1. The Irish Border and the Backstop
One of the major challenges of Brexit is the Irish border. In order to avoid border posts, Theresa May and the EU have agreed on a technical arrangement called the Backstop. Should the UK comes out without a deal, the UK and the EU would remain in a customs union. This would prevent the UK to negotiate its own trade deals. This is not to the taste of Boris Johnson who would like to get rid of the backstop and to negotiate the Irish border after getting out. However, this may prove impossible as the EU has made it clear that it would not negotiate any agreement without Backstop.
This was important for the two Irelands as border post might bring back memories of war to their inhabitants.
2. Imports and Exports
Leaving the EU without a Brexit deal would inevitably prompt the EU and the UK to abide by WTO rules. Under WTO law, the “most favoured nation” rule will have to be applied: the EU will not be able to treat the UK differently from other third countries unless they reach a trade agreement. To put it simply, it means that tariffs will b applied.
The sector that will probably suffer the most is probably agriculture as the tariffs used by the EU are rather high (up to 35% for dairy products). The farmers will lose the subsidies they received from the Common Agricultural Policies. Cars exporters are also likely to suffer as the EU apply a 10% tariffs on cars coming from outside its borders.

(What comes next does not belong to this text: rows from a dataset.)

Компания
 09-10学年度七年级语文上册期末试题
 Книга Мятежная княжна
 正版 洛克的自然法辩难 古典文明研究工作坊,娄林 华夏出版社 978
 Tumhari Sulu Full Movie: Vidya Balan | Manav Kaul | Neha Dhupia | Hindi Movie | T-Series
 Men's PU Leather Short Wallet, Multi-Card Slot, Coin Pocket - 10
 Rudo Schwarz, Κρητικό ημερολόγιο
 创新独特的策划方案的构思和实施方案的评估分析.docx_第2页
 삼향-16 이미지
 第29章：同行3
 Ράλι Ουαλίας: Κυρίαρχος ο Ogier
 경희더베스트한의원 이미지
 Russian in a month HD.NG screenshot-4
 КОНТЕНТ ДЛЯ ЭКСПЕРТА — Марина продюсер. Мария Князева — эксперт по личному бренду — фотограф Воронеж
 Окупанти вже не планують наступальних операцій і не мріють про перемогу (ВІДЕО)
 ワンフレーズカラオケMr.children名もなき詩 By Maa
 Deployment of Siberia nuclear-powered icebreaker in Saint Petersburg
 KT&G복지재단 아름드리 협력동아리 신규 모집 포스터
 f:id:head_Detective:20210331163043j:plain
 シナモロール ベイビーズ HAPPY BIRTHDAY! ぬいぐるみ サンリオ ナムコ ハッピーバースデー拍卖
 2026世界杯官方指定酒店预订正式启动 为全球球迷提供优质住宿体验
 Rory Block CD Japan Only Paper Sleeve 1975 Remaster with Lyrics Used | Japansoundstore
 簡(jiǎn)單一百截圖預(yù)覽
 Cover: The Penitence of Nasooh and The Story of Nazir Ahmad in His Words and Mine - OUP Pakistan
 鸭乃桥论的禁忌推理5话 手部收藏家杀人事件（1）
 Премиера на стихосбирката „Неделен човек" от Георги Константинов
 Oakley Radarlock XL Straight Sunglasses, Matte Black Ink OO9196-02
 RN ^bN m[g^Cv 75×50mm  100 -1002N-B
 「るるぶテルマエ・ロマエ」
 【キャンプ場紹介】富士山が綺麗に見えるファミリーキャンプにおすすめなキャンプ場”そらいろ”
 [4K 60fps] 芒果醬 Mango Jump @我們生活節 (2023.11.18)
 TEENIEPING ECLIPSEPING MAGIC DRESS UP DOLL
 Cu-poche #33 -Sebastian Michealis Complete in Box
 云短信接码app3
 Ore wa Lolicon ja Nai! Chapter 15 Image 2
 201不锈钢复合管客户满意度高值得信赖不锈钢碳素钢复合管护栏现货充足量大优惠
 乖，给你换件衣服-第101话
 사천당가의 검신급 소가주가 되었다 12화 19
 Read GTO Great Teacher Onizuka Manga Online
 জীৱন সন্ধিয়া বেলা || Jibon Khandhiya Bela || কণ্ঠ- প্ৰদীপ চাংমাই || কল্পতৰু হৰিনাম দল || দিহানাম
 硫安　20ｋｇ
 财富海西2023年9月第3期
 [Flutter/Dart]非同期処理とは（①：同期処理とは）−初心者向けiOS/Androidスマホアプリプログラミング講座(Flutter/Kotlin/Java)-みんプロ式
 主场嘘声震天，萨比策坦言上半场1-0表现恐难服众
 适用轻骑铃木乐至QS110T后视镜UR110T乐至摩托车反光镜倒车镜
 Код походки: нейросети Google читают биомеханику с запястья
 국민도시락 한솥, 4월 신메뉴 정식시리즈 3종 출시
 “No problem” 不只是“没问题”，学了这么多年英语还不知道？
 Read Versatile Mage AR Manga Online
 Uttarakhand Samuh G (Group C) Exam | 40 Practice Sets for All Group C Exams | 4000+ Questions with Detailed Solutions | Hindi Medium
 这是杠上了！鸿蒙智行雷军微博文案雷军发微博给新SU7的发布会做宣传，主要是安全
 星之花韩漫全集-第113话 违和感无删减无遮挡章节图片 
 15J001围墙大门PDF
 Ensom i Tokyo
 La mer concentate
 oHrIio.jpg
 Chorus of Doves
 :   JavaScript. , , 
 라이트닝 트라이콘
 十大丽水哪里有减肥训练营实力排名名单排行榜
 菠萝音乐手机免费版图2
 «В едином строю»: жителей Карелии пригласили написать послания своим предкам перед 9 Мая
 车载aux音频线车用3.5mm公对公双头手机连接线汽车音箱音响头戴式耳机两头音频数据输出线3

Boris Johnson has mentioned in many interviews that he would rely on Article 24 of the GATT: allowing the EU and the UK to trade without tariffs while a deal is negotiated. Sadly, the article 24 only covers goods and tariffs. The article would be useless in case of services and non-tariffs barriers. Sadly, for the Prime Minister, the EU has already stated that it would refuse to apply article 24 in case of a no-deal.
3. Citizens Rights
Boris Johnson has agreed to maintain the clause negotiated by Theresa May on citizens rights. The UK and the EU have both agreed to protect the citizen from one another and to maintain pre-existing rights.
A part of the country who is not thrilled about a no-deal Brexit is Scotland. Scotland has always valued his connection with the continent and was opposed to Brexit. Consequently, Nicola Sturgeon (Scotland’s Prime Minister) clearly stated that a lack of deal will prompt her in starting a new referendum on independence.
5. Boris Johnson as a Negotiator
Boris Johnson has a reputation of being a manipulator and putting on an act when facing a difficult situation. His work as a journalist has involved creating fake news about the European Union. Thus, his EU counterparts may find him rather untrustworthy.
Additionally, he struggles with focusing on the details and dislikes technical issues. He has admitted in interviews that he has not read the article 24 of the GATT in its entirety. Coming to the table of negotiation unprepared is certainly a recipe for disaster.